America 1979: A 9 year old Iranian American and her family deal with prejudice and hatred in the immediate aftermath of the Iran hostage crisis of 1979
Out of the Shadows: Kat Chu is just one of thousands of children brought to the U.S. without papers by a parent or, in her case, grandparent. But her struggles, fears, shame and hopes are widely shared by that community. This short film chronicles her coming of age and to terms with her situation, spurred on by advocacy of the DREAM Act.
Inheritance: A son returns to the farm to help his parents keep the farm profitable only to have the Fukushima disaster completely up-end their progress. Despondent, the father commits suicide. The film is the son’s reflection on the entire situation.
Paths of Glory: During World War 1, a French commanding officer order his subordinate to attack a German trench position, offering a promotion as an incentive. Though the mission is foolhardy to the point of suicide the subordinate orders his own subordinate, Colonel Dax, played by Kirk Douglas, to plan the attack. When it ends in disaster the commander demands the court-martial and execution of three random soldiers in order to save face.

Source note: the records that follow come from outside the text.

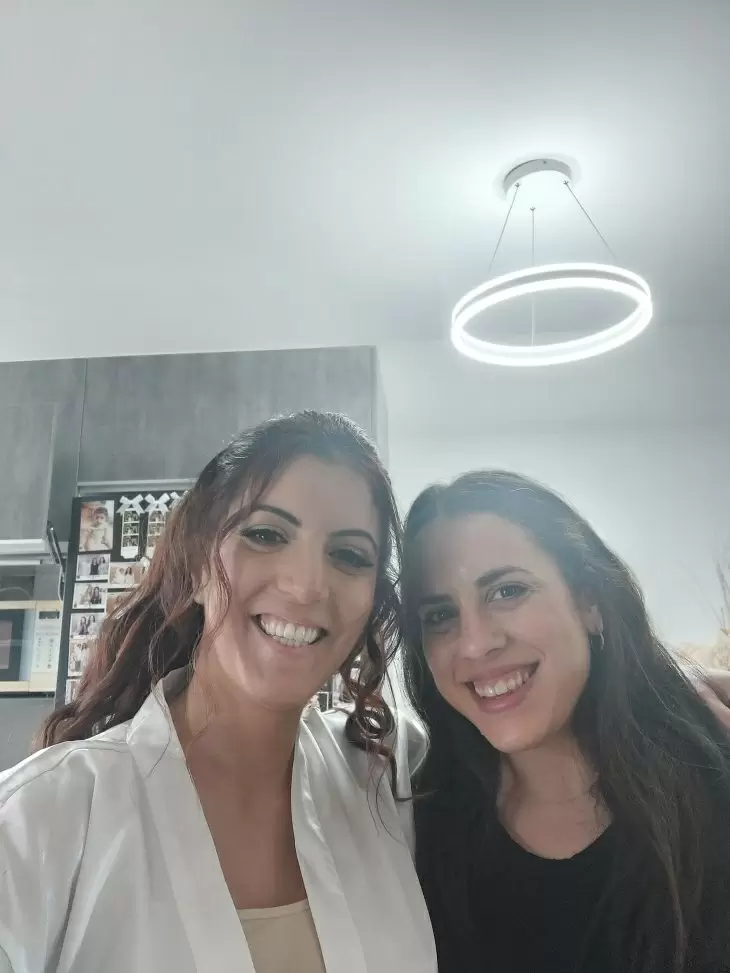 תמונה מספר 2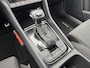 Skoda Karoq 1.5 TSI ACT Sportline Business Trekhaak Adap.Cruise Camera Stoelverw Orig.NL Voll.Onderhouden!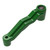 https://johndeere.widen.net/content/dtutlptnw0/jpeg/AXE64067_iso1.jpeg?w=1200&h=1200&position=c&color=ffffffff&quality=100&u=jq3ioy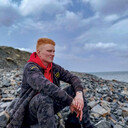 ���������� ������� ������, ���� ������� �������, 26 ���, ������������ ��� ����� � ���������, c�������� ���������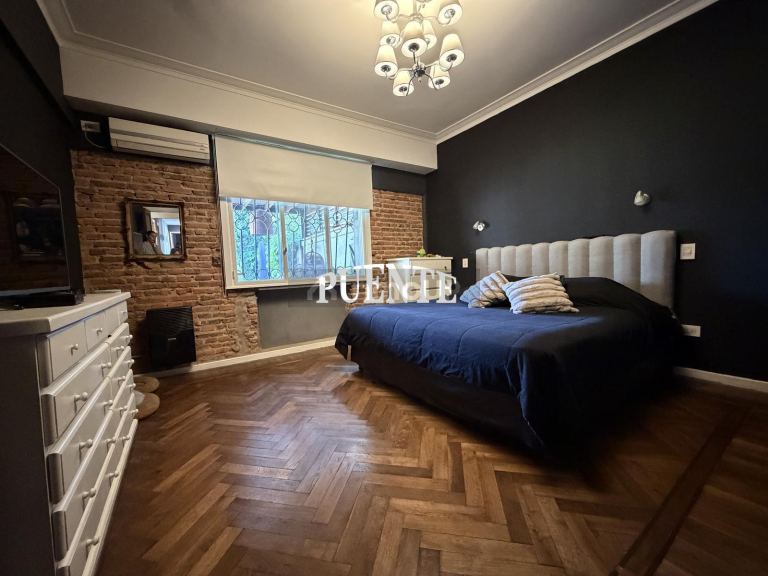Casa en Venta en Lomas de Zamora, G.B.A. Zona Sur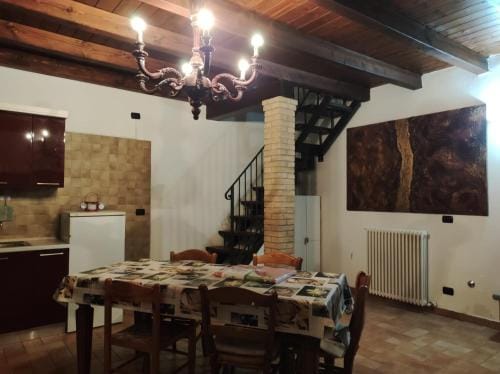 B&B del Ferne Hotel in Emilia-Romagna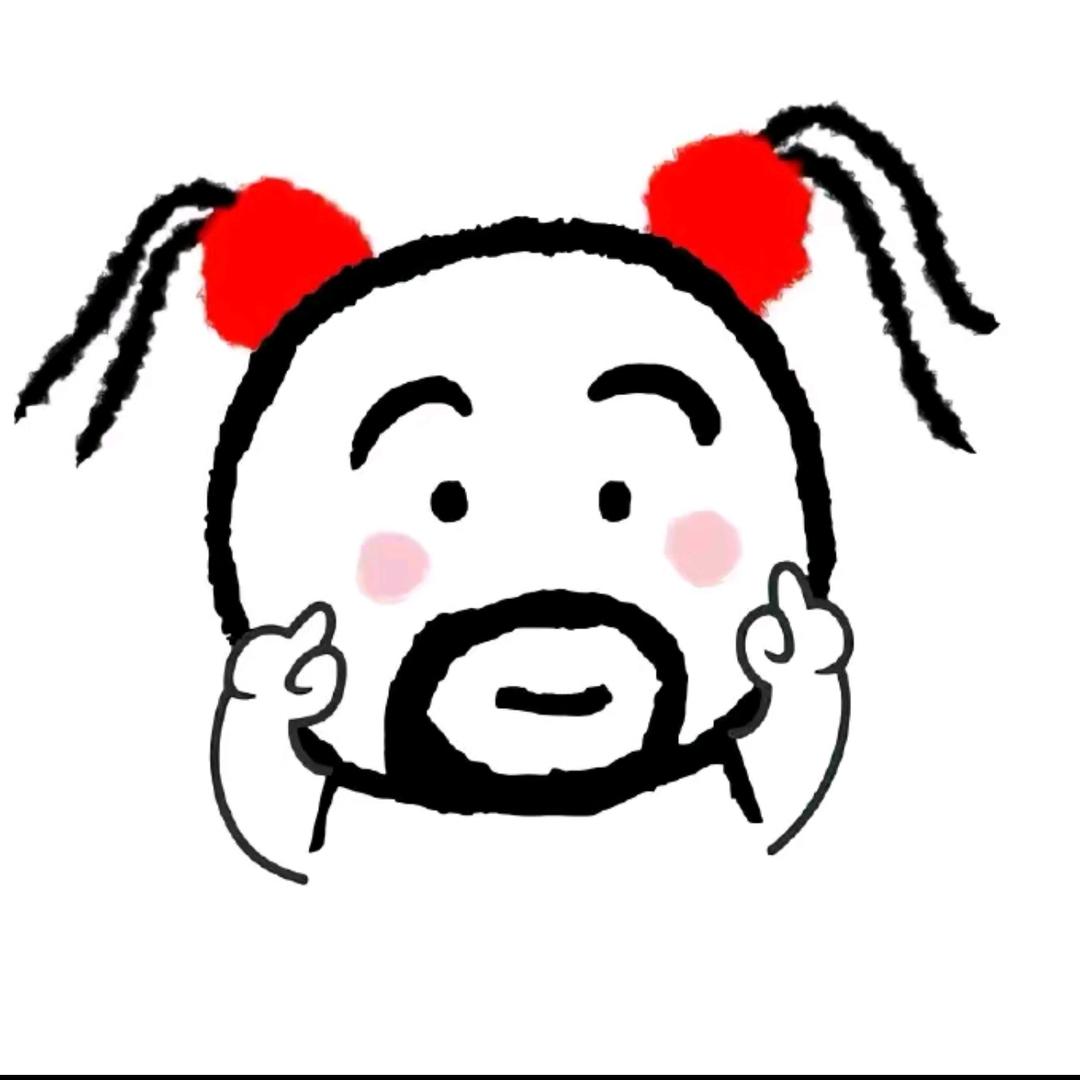 奔꒰ℯ⃝波 ℯ⃝儿꧔ꦿ灞᭄灞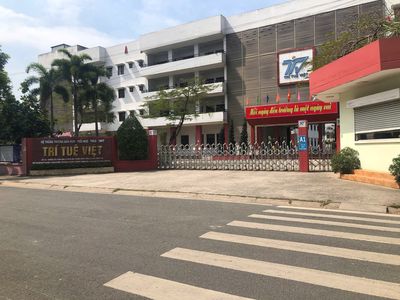 Bán đất thổ cư, SHR, xây dững liền, gần 300m2, giá 14,8 tỷ. — ảnh 1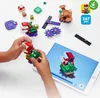 LEGO® 71382 LEGO® Super Mario 71382 Podgląd zdjęcia produktu 10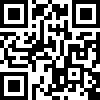 https://tr.abna24.com/x3Yxd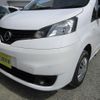 nissan nv200-vanette-van 2018 quick_quick_VM20_VM20-120747 image 10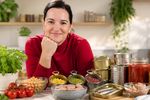 Cele mai sănătoase conserve din supermarket și cele pe care le poți cumpăra fără griji. Nutriționistul Tania Fântână explică la ce trebuie să fii atent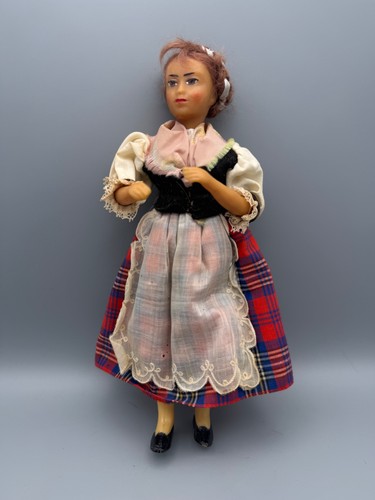 Rare vintage 1950s glunk - rare,
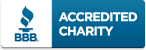 Better Business Bureau - Wise Giving Alliance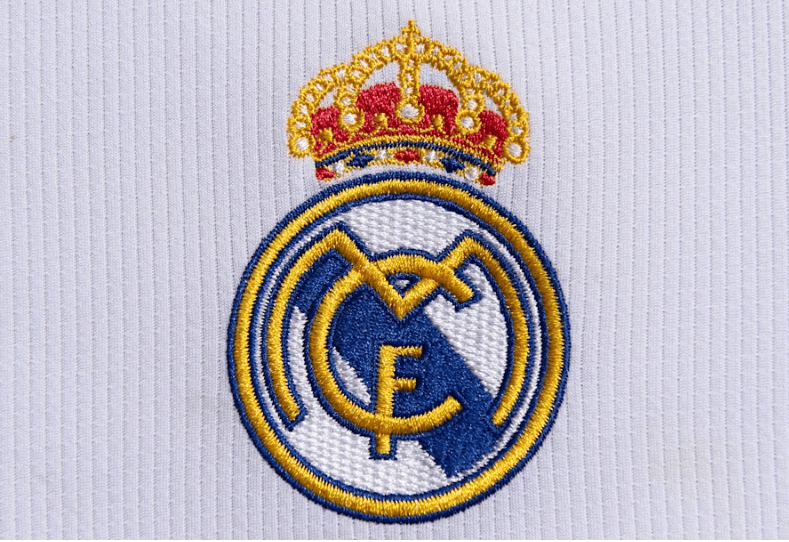 还是及时 还是及时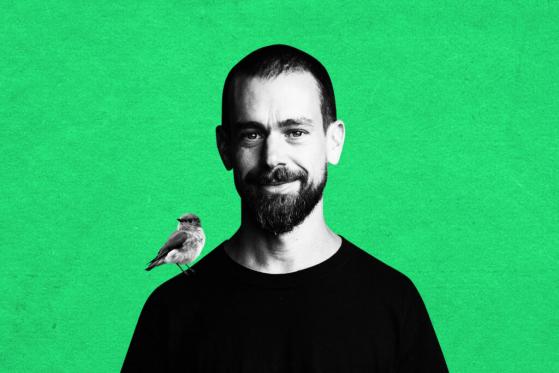 Jack Dorsey Leads the Charge to Launch a Bitcoin Defense Fund: Who is it For?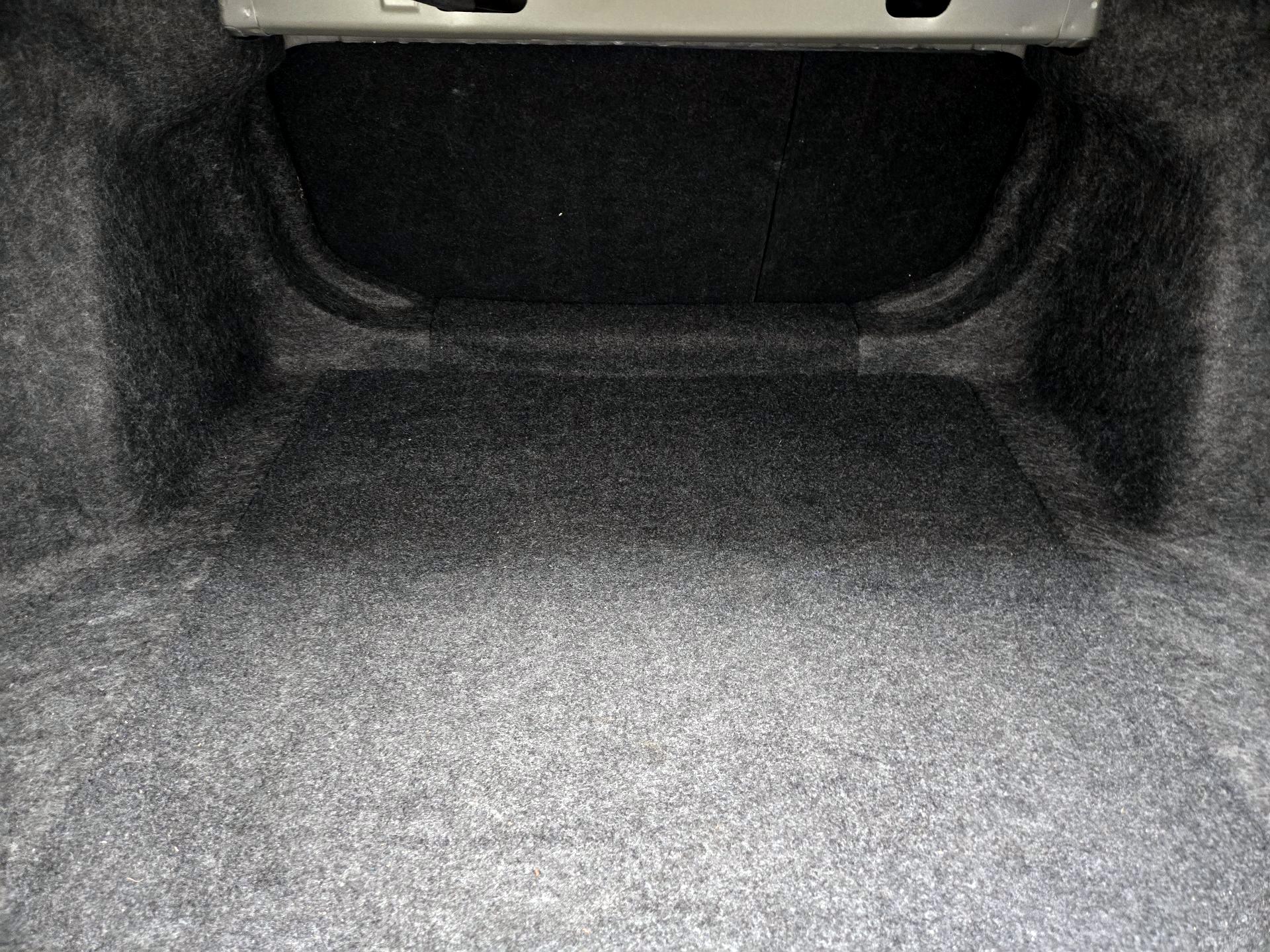 Thumbnail: 2016 Honda Civic - 20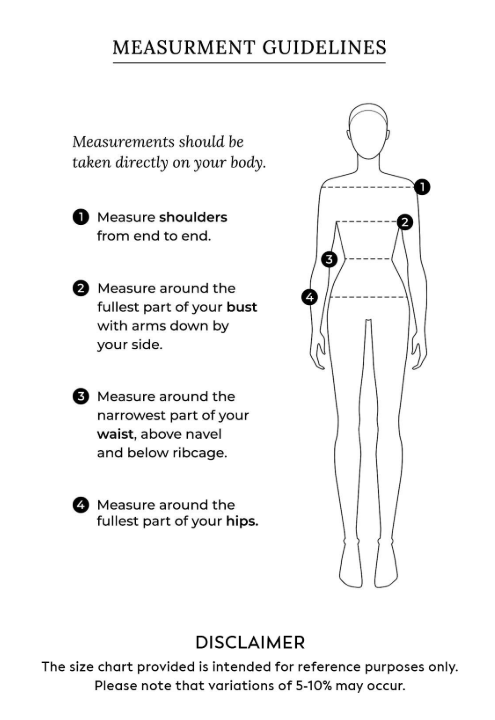 Multi Printed Organza Saree With Unstitched Blouse Piece - Image 11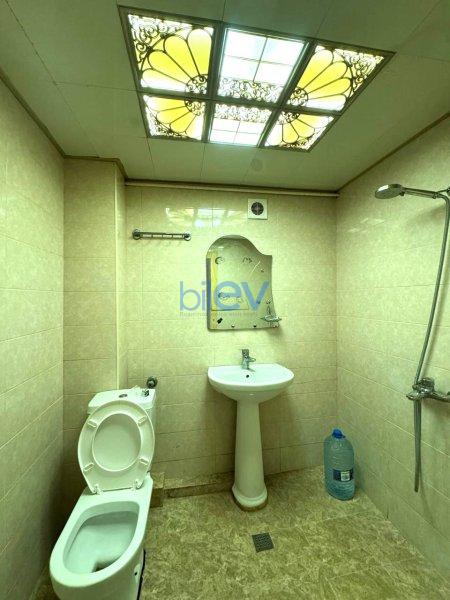 Kirayə (aylıq) 2 otaqlı Köhnə Tikili  46m², Bakı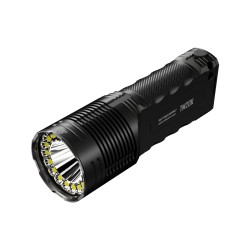 NiteCore TM20K -  20000 Lumen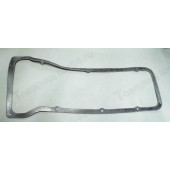 Прокладка крышки клапанов ВАЗ 2101, 2123 /резино-пробка/ Ростов <b>Ростов-на-Дону 2101-1003270</b>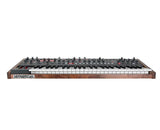Sequential Circuits Prophet-6 Synthesizer *Free Shipping in the US*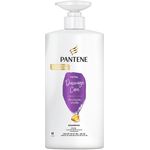 Pantene Shampoo Total Damage Care 680ml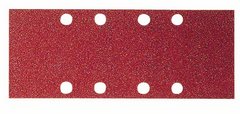 Шлифлист 93х185 К 40 по дереву (10шт) BOSCH 2 608 607 010 Шлифлист 93х185 К 40 по дереву (10шт) BOSCH 2 608 607 010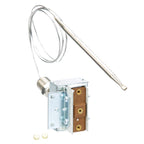 Thumbnail image #1 for AllPoints Foodservice Parts & Supplies 8012502 Hi-Limit for AF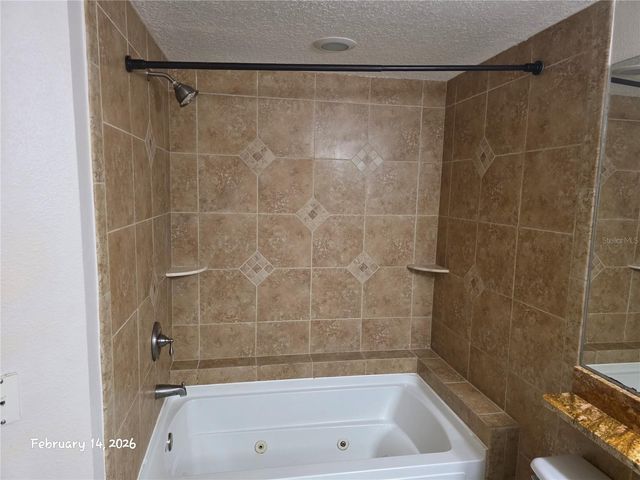 5554 METROWEST BOULEVARD 4-310, Orlando, FL 32811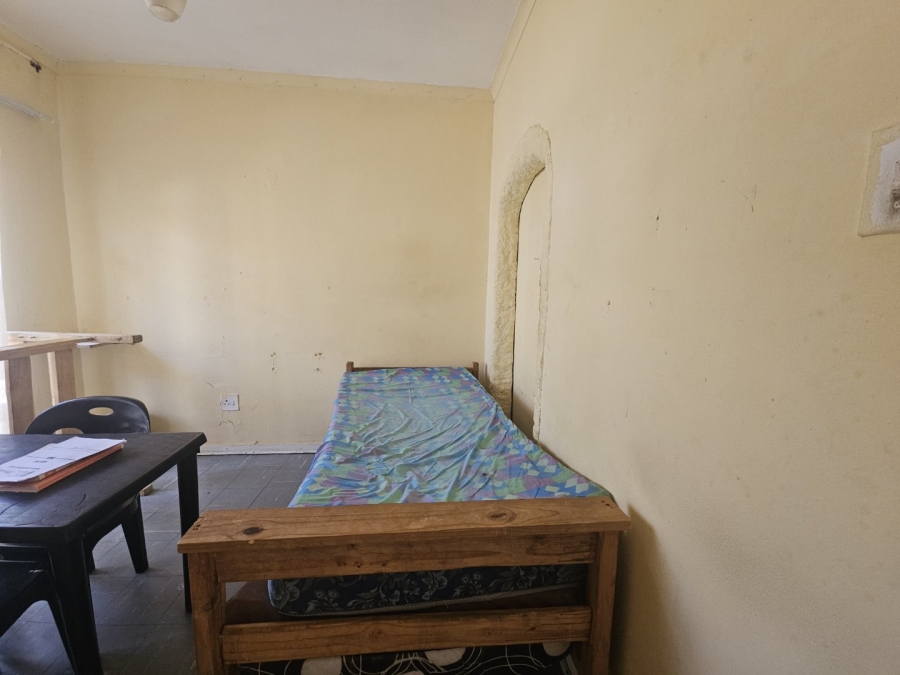 11 Bedroom Property for Sale in Barry Hertzog Park KwaZulu-Natal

Pictures from Hiroshima Schoolyard: A collection of surprisingly joyful drawings created by school children living among the ruins of Hiroshima in 1947 becomes the heart of this inspiring story about an exchange of gifts between American and Japanese after a devastating war. This film about the power of gift introduces us to the children artists, now in their late 70s, who reflect on their early lives amidst the rubble of their destoryed city and the hope they shared through the art.
Beyond the Divide: In Missoula, Montana, a mysterious graffiti peace symbol inflamed an enduring animosity, dividing a community for decades. Through the courageous acts of a Vietnam veteran and a peace advocate, this film illuminates a path to healing old wounds and demonstrates authentic peace building. The story inspires audiences to take courageous first steps to reach beyond polarization in search of what unites us instead of what divides us.
dRaw not War: Teenagers from both sides of three conflict zones are brought together to draw what peace looks like.